Dissecting "Bodies"
I very much appreciated Bill O'Driscoll's review of the Bodies exhibit at the Carnegie Science Center [Oct. 10]. He seems to be one of the few independent thinkers reviewing this exhibit.
In the 1990s, I worked in Chengu, China, for the British Council teaching English. It was a regular occurrence to see men -- termed "hooligans" -- paraded through the streets on flatbed trucks with shaved heads and signs around their necks. My Chinese friends told of being forced to attend executions carried out in stadiums, and of innocent men often being arrested in order to meet quotas. I saw photos of the executed posted publicly.
In all of their gushing excitement, the Carnegie's curators seem to have quelled any personal dilemma about where these bodies came from. It doesn't seem to matter now that the deed is done -- it's all so thrilling.

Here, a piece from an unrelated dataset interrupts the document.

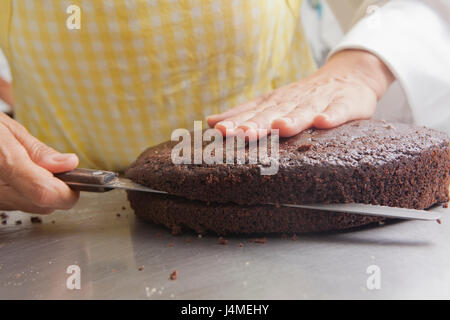 Hispanic Frau schneiden Kuchen mit Messer Stockfoto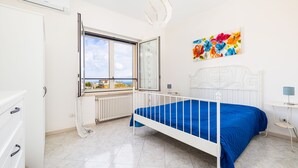 Een slaapkamer met een bed, een raam met uitzicht, een radiator en een schilderij aan de muur.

China invests billions in a maintaining a glossy veneer, but it still doesn't give its citizens clean drinking water -- even in Beijing. AIDS is rampant, as is cancer-causing pollution. What a double coup for China to make more money -- with the Carnegie's assistance -- while further intimidating and shaming its poor and powerless. I believe in a free-market economy, but there are still some things that turn my stomach -- and I don't need to see a 3-D representation to know where mine is.
Thank you for airing both pro and con opinions. If my Chinese friends could thank you, through their tears they would.
-- Annette Dietz, Churchill
Kudos on your article about Bodies! I've spent two-plus years trying to explain to people what is so wrong about the exhibit (everything, really) and it heartens me to see others doing the same in such an eloquent manner.
Anyone who feels the same way can join me on the Anti-Bodies Virtual Picket Line at: http://mysite.verizon.net/vzexqyla/anti-bodies-virtual-picket-line/.
-- Elaine Catz, Greenfield
The writer resigned from her job at the Carnegie Science Center earlier this year in opposition to the Bodies exhibit.
Straw-man argument
Molly Johnson thinks that by working as a man, the transgendered woman Jessi Seams is "being a hypocrite -- which is quite typical of men" [Letters, Oct. 10].
Knock off the male-bashing. Being female (or male) does not automatically make one an honorable person.
Nor does working as a man, while identifying as a woman, automatically make one a hypocrite. How much about Ms. Seams' situation do we know? Why has she apparently chosen to avoid harassment and discrimination in this way? Would she have chosen a different way in an area less socially conservative than Western Pennsylvania?